Casi accertati a Vittorito: in paese ricoverata un’altra anziana. Tamponi negativi per gli studenti di Castel di Sangro

SULMONA. Il virus si sposta a Vittorito, mentre in Alto Sangro la situazione resta delicata. Sono tre i nuovi contagi che si sono registrati ieri nel piccolo centro peligno e due sono legati a una donna domiciliata in Francia che era stata a Vittorito per poi ripartire e risultare positiva al virus. Subito è stata allertata la Asl che ha proceduto ad attivare il protocollo ricostruendo la rete delle persone con le quali la donna aveva avuto contatti tra Raiano e Vittorito. Tutti sono stati sottoposti a tampone. I controlli disposti dalla Asl hanno accertato il contagio su due persone, i nonni, entrambi si trovano in isolamento domiciliare.

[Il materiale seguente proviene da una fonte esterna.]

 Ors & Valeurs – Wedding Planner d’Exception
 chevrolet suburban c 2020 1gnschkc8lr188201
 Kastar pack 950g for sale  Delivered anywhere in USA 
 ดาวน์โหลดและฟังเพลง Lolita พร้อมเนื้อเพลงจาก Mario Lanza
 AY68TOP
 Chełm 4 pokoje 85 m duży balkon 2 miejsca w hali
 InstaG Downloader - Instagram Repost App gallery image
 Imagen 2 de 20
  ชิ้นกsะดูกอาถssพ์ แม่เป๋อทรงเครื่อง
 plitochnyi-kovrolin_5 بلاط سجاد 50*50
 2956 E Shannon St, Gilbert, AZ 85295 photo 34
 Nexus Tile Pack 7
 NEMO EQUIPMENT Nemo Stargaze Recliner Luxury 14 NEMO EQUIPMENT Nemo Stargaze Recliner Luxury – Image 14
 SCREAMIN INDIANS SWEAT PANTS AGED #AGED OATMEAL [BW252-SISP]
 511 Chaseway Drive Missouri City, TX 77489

Il terzo caso, sempre a Vittorito, riguarda una 61 enne ricoverata all’ospedale San Salvatore dell’Aquila, che era entrata in ospedale a Sulmona, per insufficienza renale e poi, dagli accertamenti medici, è risultata positiva al Covid19. «La situazione è sotto controllo e questo ci fa essere tranquilli», afferma il sindaco di Vittorito, Carmine Presutti, «è stato accertato dalla Asl che a innescare il contagio è stata la donna arrivata dalla Francia, cosa che ha facilitato il tracciamento dei contatti e il conseguente isolamento delle persone interessate».

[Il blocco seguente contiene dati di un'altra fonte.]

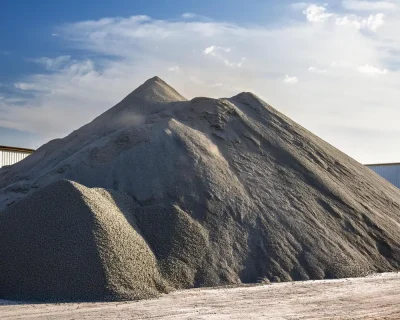 Supply Chain Disruptions in 2026: Why Reliable Sources of Silica Sand in Philippines Matter 1 Supply Chain Disruptions in 2026: Why Reliable Sources of Silica Sand in Philippines Matter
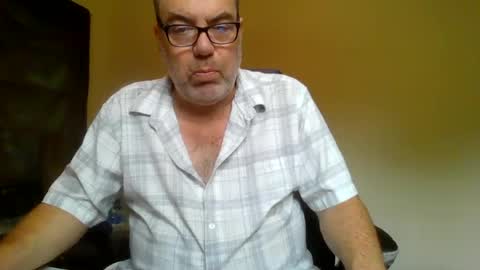 junkhp1 online show from 07-05-26, 10:39
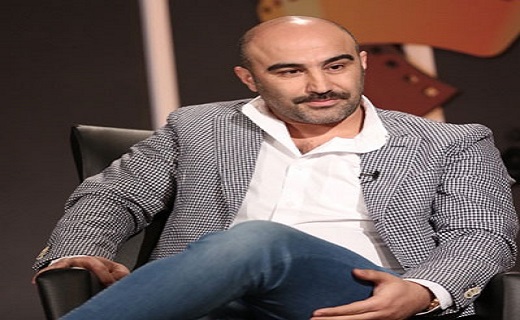 پیش‌بینی «نقی معمولی »از بازی ایران و اسپانیا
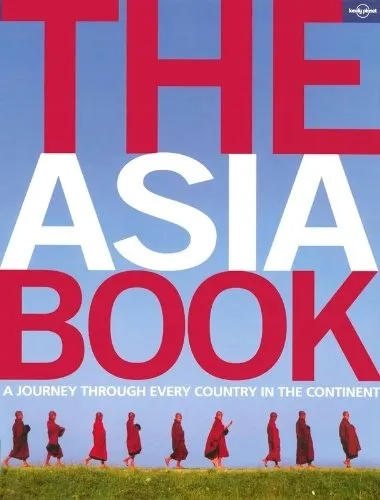 the-asia-book-lonely-planet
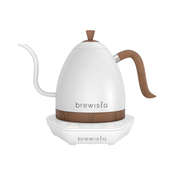Grelnik Vode Brewista Artisan Kettle 1,0l bel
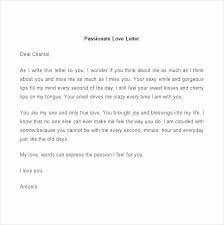 We did not find results for: Kairos Letters Examples From Parent 20 Examples Of Kairos Letters From Parents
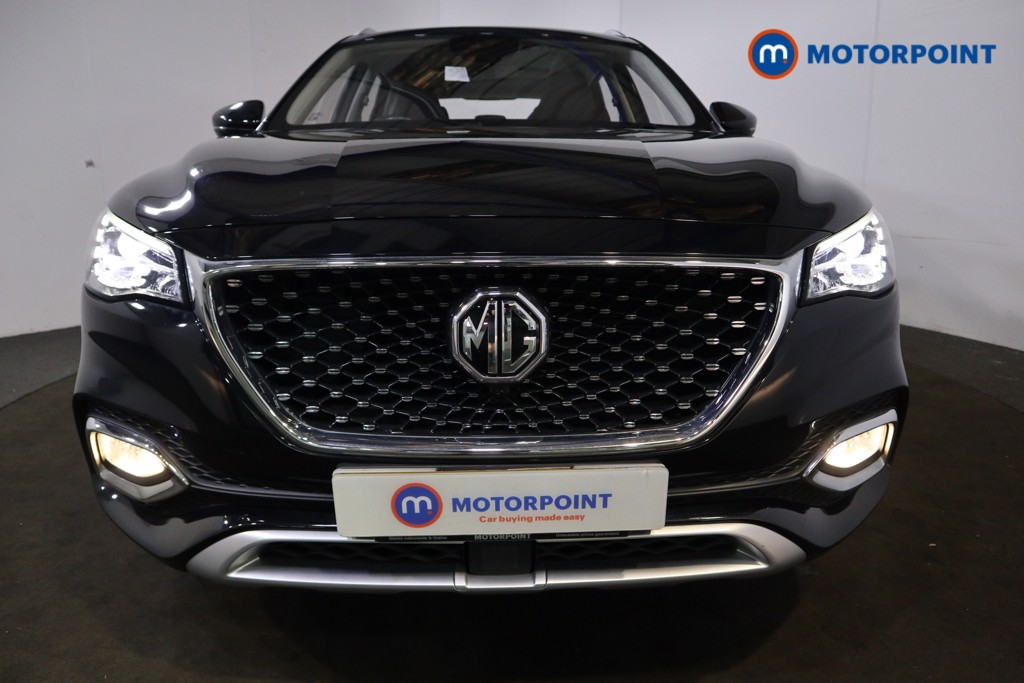 Mg Motor Uk HS Exclusive Manual Petrol SUV - Stock Number (1537531) - 26th supplementary image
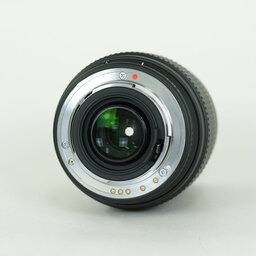 SIGMA APO 70-300mm F4-5.6 DG MACRO [ペンタックスK用]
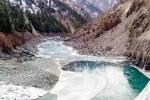 Pakistan, Indus Waters Treaty latest, india demands modification of indus waters treaty, World bank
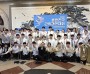 김천중앙고 윈드오케스트라, 춘천전국관악경연대회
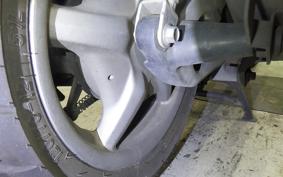 YAMAHA CYGNUS 125 XSR 2 2024 SE44J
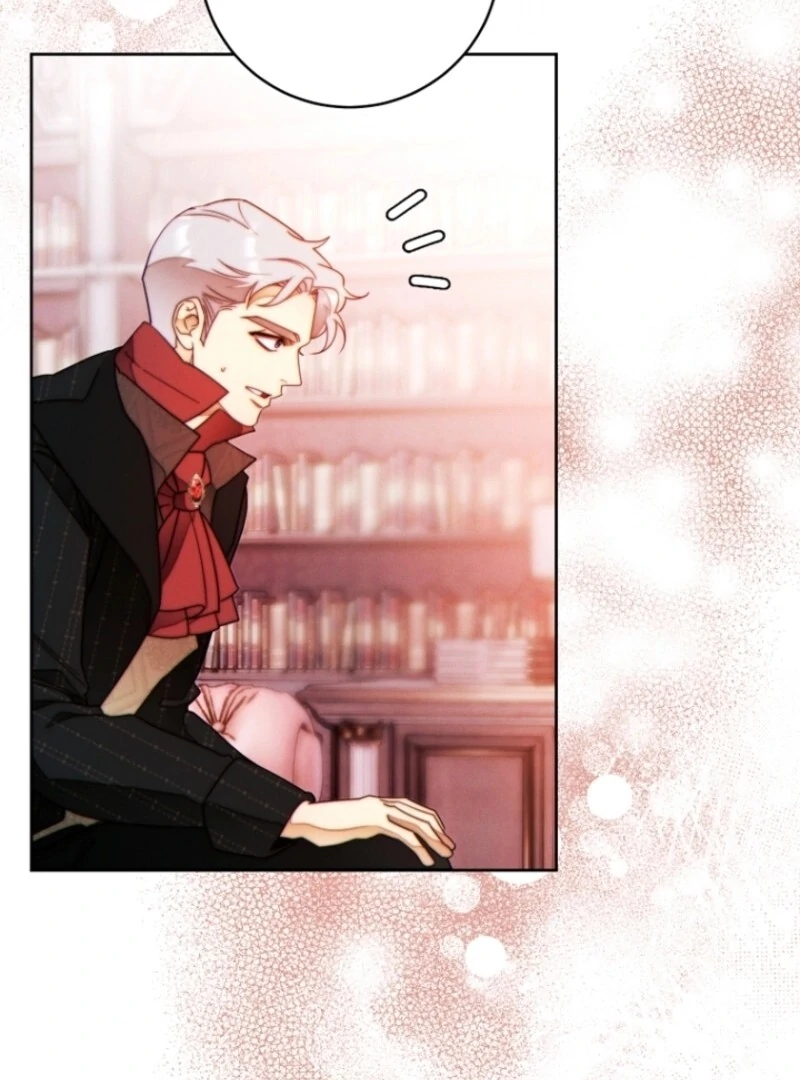 Read This Marriage Will Surely Succeed Manga Online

In Alto Sangro i nuovi contagi sono stati due e ampliano il fronte aperto dal padre del bimbo di 10 anni risultato positivo. Si tratta della moglie e della cognata dell’uomo che ora si trovano in isolamento domiciliare anche se solo una di loro ha avvertito qualche sintomo riconducibile al Covid, l’altra sembra essere asintomatica. Castel di Sangro tocca quindi quota nove positivi, mentre domani sarà l’ultimo giorno di quarantena per le due classi dell’Istituto Patini-Liberatore che potranno tornare a lezione. I tamponi, svolti dalla Asl a scopo del tutto precauzionale, hanno dato infatti esito negativo il che fa tirare un sospiro di sollievo almeno su questo fronte. Resta invece ancora aperto l’altro filone scolastico relativo alla scuola primaria. La classe V è ancora in isolamento dopo la positività al Covid riscontrata su un bambino di 10 anni e sul padre, ai quali si sono aggiunti, ieri le altre due donne, anche loro appartenenti alla stessa sfera familiare. La speranza espressa anche dal sindaco Angelo Caruso è che «i contagi si fermino ai quattro casi accertati» e che «presto tutti gli alunni in quarantena possano rientrare in classe e riprendere regolarmente le lezioni». Al momento la situazione contagi in Centro Abruzzo sale a 233 dei quali 220 in Valle Peligna e 13 in Altro Sangro.